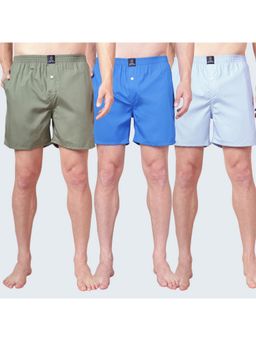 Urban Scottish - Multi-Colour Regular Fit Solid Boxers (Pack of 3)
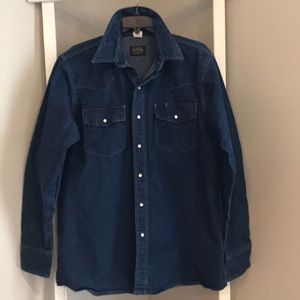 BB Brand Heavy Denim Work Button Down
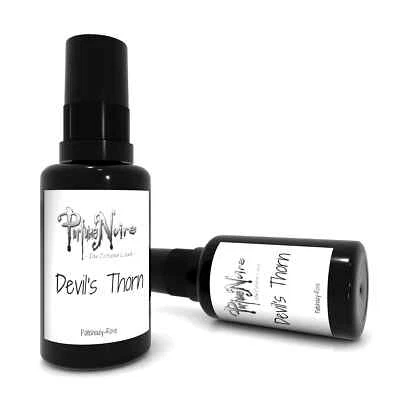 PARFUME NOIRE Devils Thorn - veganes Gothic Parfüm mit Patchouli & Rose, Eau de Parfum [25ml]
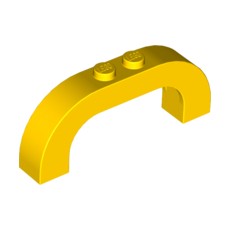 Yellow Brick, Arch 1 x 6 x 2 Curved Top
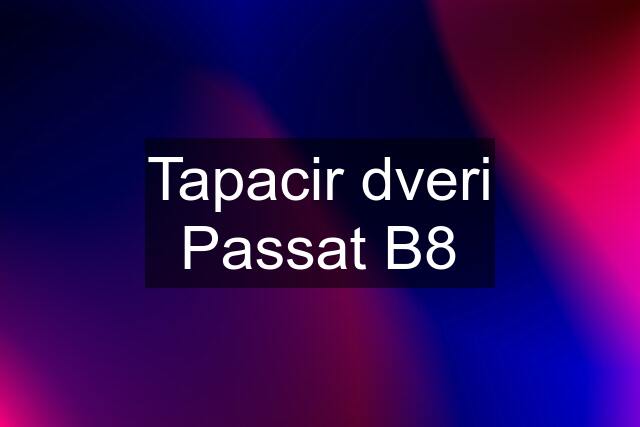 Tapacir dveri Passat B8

• **ASSIGNMENT**
All records above must be copied exactly, though the pictures they hold are to be left out.

• **SOLUTION**
 Urban Scottish - Multi-Colour Regular Fit Solid Boxers (Pack of 3)
 BB Brand Heavy Denim Work Button Down
 PARFUME NOIRE Devils Thorn - veganes Gothic Parfüm mit Patchouli & Rose, Eau de Parfum [25ml]
 Yellow Brick, Arch 1 x 6 x 2 Curved Top
 Tapacir dveri Passat B8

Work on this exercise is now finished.